Tag: Sydney Harbour
Police have launched a criminal investigation into whether the operator of the Ruby Princess downplayed potential coronavirus cases before thousands of passengers disembarked in Sydney last month.
- A 17-minute triple-0 call was made from the vessel the day before passengers disembarked in Sydney
- Police said Carnival Australia said COVID-19 was not an issue on the vessel
- Nearly 200 crew who are still on board are showing symptoms of COVID-19
Eleven passengers have died from COVID-19 since the vessel docked at Circular Quay on March 19 — the latest being a 78-year-old who died in Queensland earlier this afternoon.
NSW Police Commissioner Mick Fuller said there were “many unanswered questions” about the cruise, which was operated by Carnival Australia.
“There seems to be absolute discrepancies between the information provided by Carnival and what I would see as the benchmark for the laws that the Federal Government and the State Government put in place in terms of protecting Australians from cruise ships when coronavirus had started,” Commissioner Fuller said.
“The only way I can get to the bottom of whether our national biosecurity laws and our state laws were broken is through a criminal investigation.”
Nearly 2,700 passengers were allowed to disembark despite others on board experiencing flu-like symptoms.
More than 600 confirmed COVID-19 cases have been linked back to the cruise, which remains off the NSW coast with nearly 200 sick crew onboard.
The Commissioner said by law a vessel was only allowed to dock if the captain could assure authorities it was free from contagion.
Police told COVID-19 ‘not an issue’ despite 17-minute emergency call
He revealed that on the day before passengers disembarked, a worker on the cruise made a 17-minute triple-0 call about two passengers who required medical assistance.
He said an ambulance supervisor was concerned about potential infection of passengers on the cruise and escalated the call to NSW Police Marine Area Command.
Commissioner Fuller said police were told by operation managers from Carnival that COVID-19 was not an issue on the ship.
“From that perspective, there are many unanswered questions,” he said.
He said the homicide squad’s Detective Chief Inspector Jason Dickinson would tomorrow be given materials which had been gathered during the past 48 hours.
He said the investigation would look into all agencies involved in the incident.
It is understood NSW Health Minister Brad Hazzard will be interviewed.
Carnival Australia, the Commissioner said, sent a letter to police indicating it would cooperate with the investigation and hand over any information required.
That includes emails, text messages, radio transmissions and medical correspondence between the doctor and ship’s captain.
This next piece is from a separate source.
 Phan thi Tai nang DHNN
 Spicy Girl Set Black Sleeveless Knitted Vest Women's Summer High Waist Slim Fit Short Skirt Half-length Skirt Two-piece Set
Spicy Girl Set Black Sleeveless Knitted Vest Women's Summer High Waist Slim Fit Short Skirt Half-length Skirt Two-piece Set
A spokesperson for Carnival Australia said it would “vigorously respond to any allegations of which there must now be full disclosure and the basis for them”.
The announcement of the investigation came as emergency services staff transported crew members from the vessel to St George Hospital in south Sydney this afternoon.
Police said there were still nearly 200 crew on board the Ruby Princess with COVID-19 symptoms.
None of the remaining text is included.